BRIEF DESCRIPTION OF THE DRAWINGS

The technology disclosed herein, in accordance with one or more various embodiments, is described in detail with reference to the following figures. The drawings are provided for purposes of illustration only and merely depict typical or example embodiments of the disclosed technology. These drawings are provided to facilitate the reader's understanding of the disclosed technology and shall not be considered limiting of the breadth, scope, or applicability thereof. It should be noted that for clarity and ease of illustration these drawings are not necessarily made to scale.

Some of the figures included herein illustrate various embodiments of the disclosed technology from different viewing angles. Although the accompanying descriptive text may refer to such views as “top,” “bottom” or “side” views, such references are merely descriptive and do not imply or require that the disclosed technology be implemented or used in a particular spatial orientation unless explicitly stated otherwise.

FIG. 1 is a diagram illustrating an example wireless-speaker football in accordance with one embodiment of the technology described herein.

FIG. 2 is a diagram illustrating an end-on view of the example wireless speaker 102 illustrated in FIG. 1.

FIG. 3 is a diagram illustrating a rear view of the example wireless speaker illustrated in FIG. 1.

FIG. 4A is a diagram illustrating a top-down, plan view of the example wireless speaker 102 illustrated in FIG. 1.

FIG. 4B is a diagram illustrating a perspective view of the example wireless speaker 102 illustrated in FIG. 1.

FIGS. 5 and 6 are additional diagrams illustrating embodiments of a wireless speaker 102 configured in the shape of a football.

FIG. 7 is a diagram illustrating an exploded view of an example wireless speaker in accordance with one embodiment of the technology disclosed herein.

FIG. 8 is a diagram illustrating an exploded view of another example embodiment of a wireless speaker shaped like a football.

FIG. 9 is a diagram illustrating an example process for pairing an operating a wireless speaker (such as a wireless-speaker football) with an external device in accordance with one embodiment of the technology described herein.
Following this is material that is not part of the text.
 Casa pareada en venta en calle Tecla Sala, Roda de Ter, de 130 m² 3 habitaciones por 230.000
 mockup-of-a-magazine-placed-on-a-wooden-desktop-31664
FIG. 10 is a diagram illustrating an example process for gameplay in accordance with one embodiment of the technology disclosed herein.
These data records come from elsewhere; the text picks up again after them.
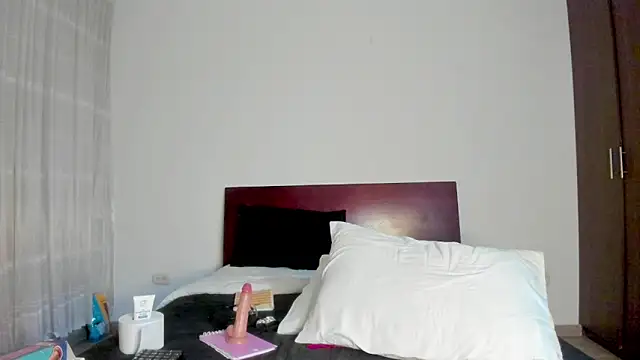 Hott_Hanna live sex cam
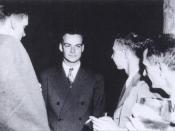 Feynman (center) with Robert Oppenheimer (right) relaxing at a Los Alamos social function during the Manhattan Project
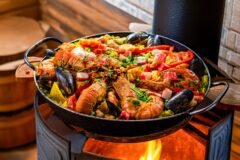 The 10 p.m. Dinner Is a Spanish Tradition. Are People Giving It Up?
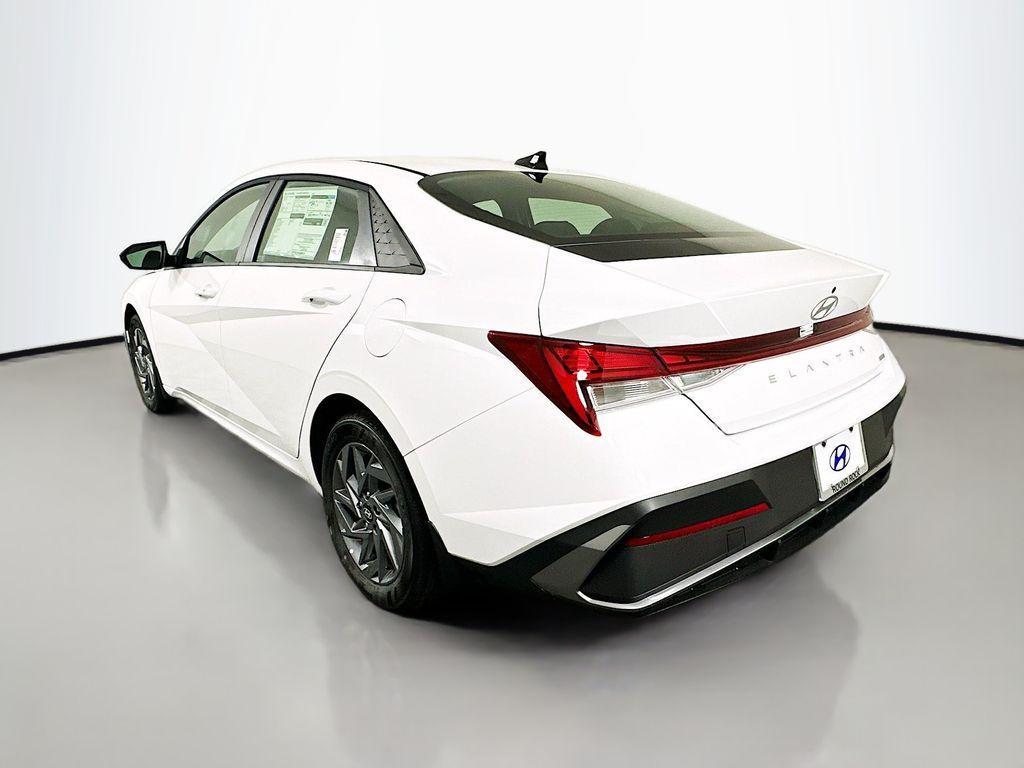 new 2025 Hyundai ELANTRA HEV car, priced at $27,805
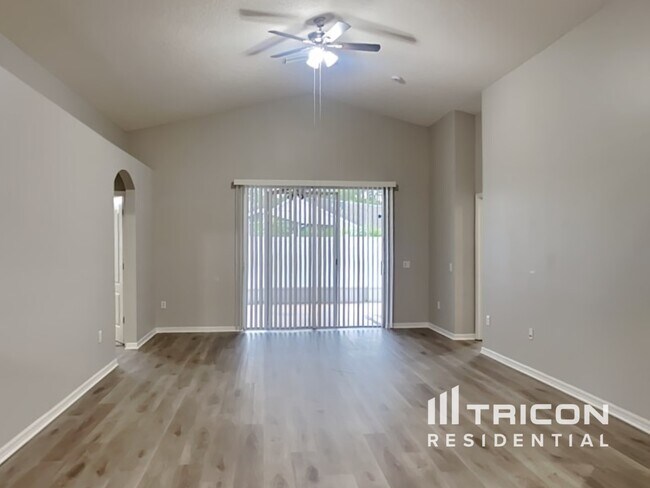 Foto del edificio - 6311 Chapel Pines Blvd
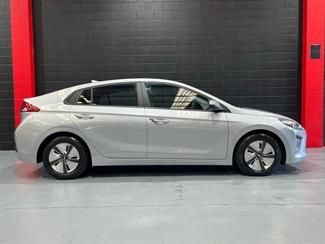 2022 hyundai Ioniq - Thumbnail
FIG. 11 is a diagram illustrating an example of internal electronics for wireless speaker 102 in accordance with one embodiment of the technology disclosed herein.
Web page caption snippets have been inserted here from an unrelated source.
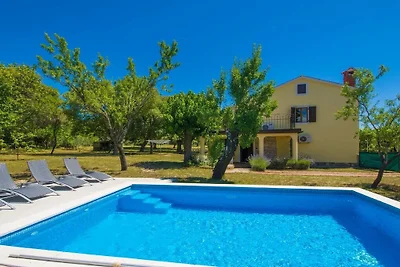 Villa a Raša con piscina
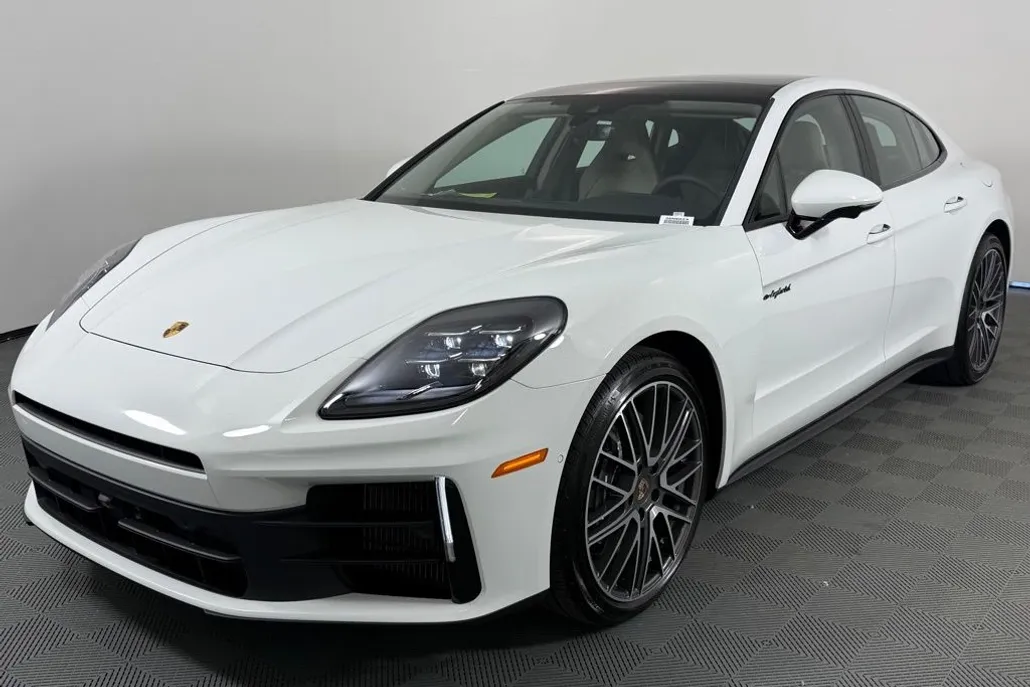 2026 Porsche Panamera E-Hybrid 4 photo 1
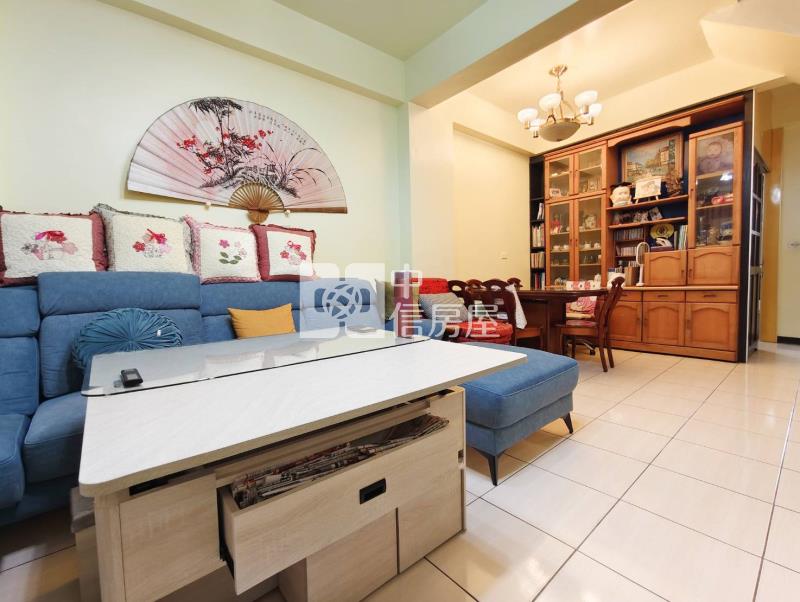 台北商專 角窗美店墅房屋室內格局與周邊環境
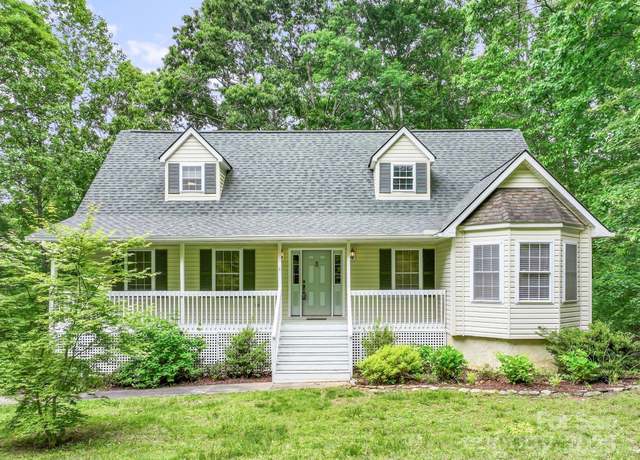 Property at 8 Fiver Ln, Asheville, NC 28803, 3 beds, 3.5 baths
FIG. 12 illustrates an example computing module that may be used in implementing various features of embodiments of the disclosed technology.

The figures are not intended to be exhaustive or to limit the invention to the precise form disclosed. It should be understood that the invention can be practiced with modification and alteration, and that the disclosed technology be limited only by the claims and the equivalents thereof.

DETAILED DESCRIPTION OF THE EMBODIMENTS

Embodiments of the technology disclosed herein are directed toward systems and methods for providing a wireless audio loudspeaker. In various embodiments, a wireless audio speaker, which can include a single speaker or two or more speakers, can be provided in the shape of a football or other gaming implement.

Embodiments of the technology disclosed herein provide a toy football apparatus with one or more internal speakers and an audio amplifier. The internal speakers in this and other embodiments may be paired with or synced to an external device via wireless connectivity, such as Bluetooth, Wi-Fi, WiMAX, other IEEE 802.xx networks, or other wireless communication channel or protocol. The toy football (or other wireless speaker) can further include an internal accelerometer to sense motion so that acceleration and deceleration of the apparatus along or about one or more axes can be determined.

The device that is synced to or paired with the wireless speaker may be configured to provide audio to and receive data from the wireless speaker via the wireless interface. This device may be a stationary or a mobile device and may include, for example, MP3 players, smart phones, tablets, computers and computing systems, smart TVs, audio receivers, and so on.

A gaming or educational application, local or cloud based, may be run on the device to allow game play in conjunction with the wireless speaker device. In the example in which the wireless speaker is packaged as a football or other game-friendly apparatus, games can be included with the external device that receive and use data collected by the internal accelerometer in the toy football. The games can analyze the data, measure performance based on accelerometer or other sensor data, generate scores based on performance, provide feedback to the user and so on. Feedback provided can be audio feedback through the one or more audio speakers or tactile feedback provided by haptic feedback device included in the wireless speaker.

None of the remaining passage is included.